Aliens? I thought she must be a robot or something. No, okay, I knew in advance she was meant to be an alien because I’d heard it compared to Species, but the film isn’t really clear about that. It’s better than Species.
I’m not sure she had a purpose. I saw it more as a tale of an alien learning humanity, and ultimately turning against death and murder. Sparing the Elephant Man, eating chocolate, having sex, human things. Of course it would be more easily interpreted if she had more lines.
It is beautifully shot. It is not well shot. There’s a shot lasting more than a minute of a misty landscape. Another of ScarJo walking down a hill to a bus stop. And I can’t believe anyone can lift a piece of cake to their mouth as slowly as she can. You could have made a cup of tea in the time it took the fork to get to her mouth.
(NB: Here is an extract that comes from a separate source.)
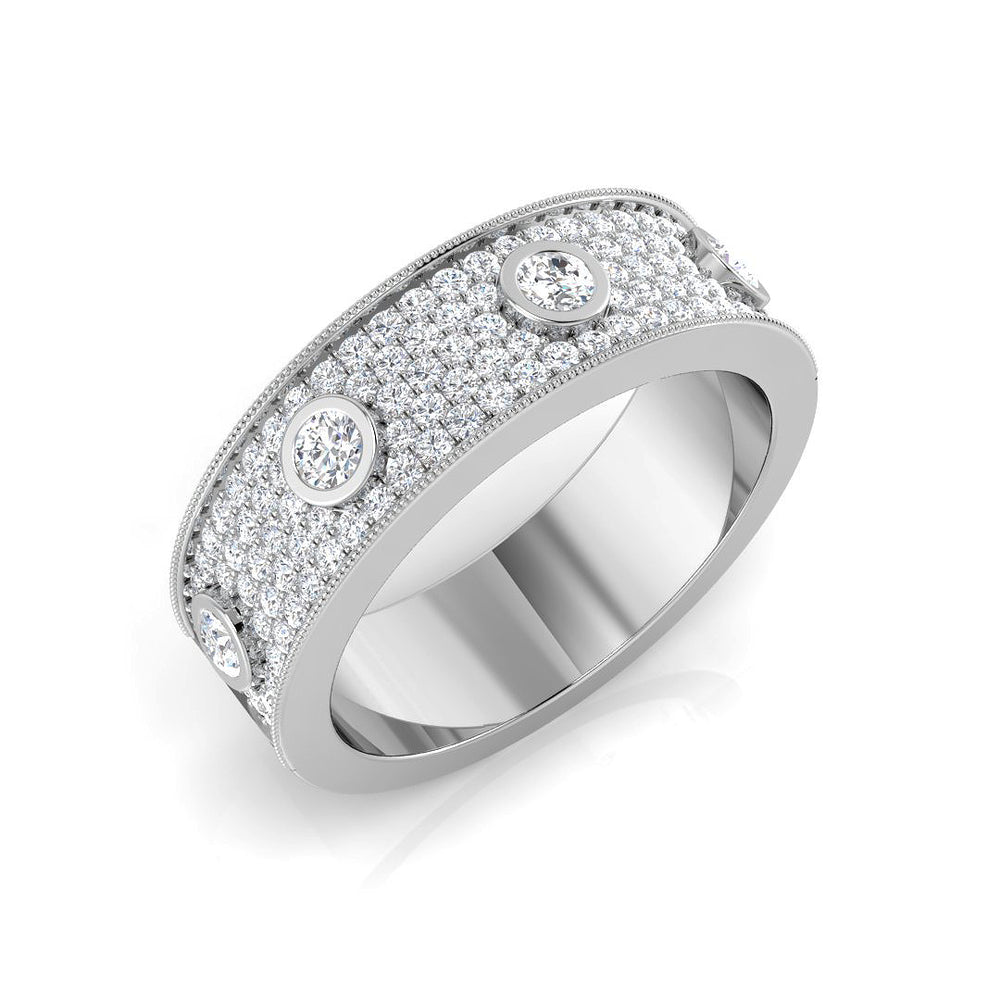 Diamond Band Ring, White Gold Diamond Ring, Pave Diamond Ring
And there’s the five minutes it take to get to the first scene as we extremely slowly zoom out from an alien eye. And about three minutes of a man’s skin drifting about in the submarine void where she keeps her victims. A human pelt whirling under water is more of a twenty-second shot to me. And all that in a movie that’s only about eighty minutes long. It makes 2001 look like Die Hard. More, it makes Star Trek I look like Star Trek II. It is easily, by some distance, the slowest film I have ever seen in my life.
How about The Core (geologists set off nukes to restart Earth’s magnetic field), Solaris (space psychologist wants to see why loneliness causes people to go crazy) , Sunshine (space geologists set off nuke to restart Sun), and for a little tongue in cheek, The Adventures of Buckaroo Banzai across the 8th Dimension?
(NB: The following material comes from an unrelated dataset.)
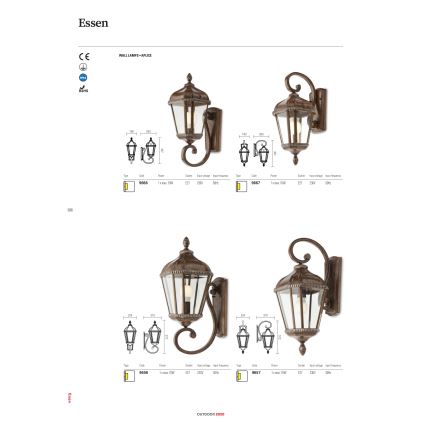 Redo 9656 - ESSEN Outdoor Wall Light 1xE27/70W/230V IP44 Brown/Patina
Not that I could say something definite about it, but I’ll spoiler it anyway:
[SPOILER]Well, it’s not clear from the movie—it’s deliberately ambiguous in this and many other places. To me, he seemed to be part of something like an immune system, or a sort of caretaker—in some sense subordinate to the female (and you’re right, by the way, it’s never exactly specified that they are alien), looking after her, cleaning up if some mess happens, but in a sense also controlling her, keeping her on track, whatever track that may be. Also, there seems to be more than one, right? There was this one shot of some kind of motorcycle gang…
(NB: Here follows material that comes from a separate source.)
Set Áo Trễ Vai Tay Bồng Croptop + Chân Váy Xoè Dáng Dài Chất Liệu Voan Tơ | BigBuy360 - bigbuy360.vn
By the way, I looked up the synopsis of the novel it’s based on on wikipedia. There, everything seems to be much more concrete: she’s an alien that’s been physiologically altered for the express purpose of harvesting humans, which are a delicacy where she comes from, being treated much like cattle. On the whole, it seemed a much less interesting plot with that interpretation attached—but maybe it’s just me, I have this fascination with things that, in one way or another, imply that our concepts may just be too limited to grasp reality as it is in full.
I do agree though that several of the shots were a little taxing on one’s patience…[/SPOILER]
Now, don’t even think about lumping Buckaroo into this ilk - it embraced its stupidity in a wonderful way. And it made more sense - I’d buy Lectroids from Planet 10 a lot sooner than the crap they were dishing in Lucy
John Ya Ya. John Small Berries - that’s genius right there!
Man, I gotta go watch that movie.
Yeah, that’s what I’ve heard, too. People who like it seem to see it as a dumb action film with silly sci-fi (not SF) trappings sprinkled on top. One group compared it to the Hercules movie as far as being big and dumb.
Not unlike a lot of impressions of the new Star Trek movies, albeit I assume much worse.
(I personally don’t like watching movies in theaters, so I tend to read a lot of reviews to see if I’m going to bother watching another way.)
Under the Skin was actually a failed remake of a decent scifi book with the same title. I’m not even sure what’s clear and what isn’t if you haven’t read the book; where you ever made aware of why the men were being submerged in liquid?
I think you were reading a heck of a lot more into the movie than was actually there.
He’s her boss. Collecting humans is her livelihood.
I only saw a couple trailers and brief synopsis. I decided against this movie simply because the character pretty blatantly gets ludicrously overwhelming superpowers. Like, Silver-Age Superman superpowers. Which is, honestly, rather boring. I like to see my superheroes get the crap kicked out of them along the way.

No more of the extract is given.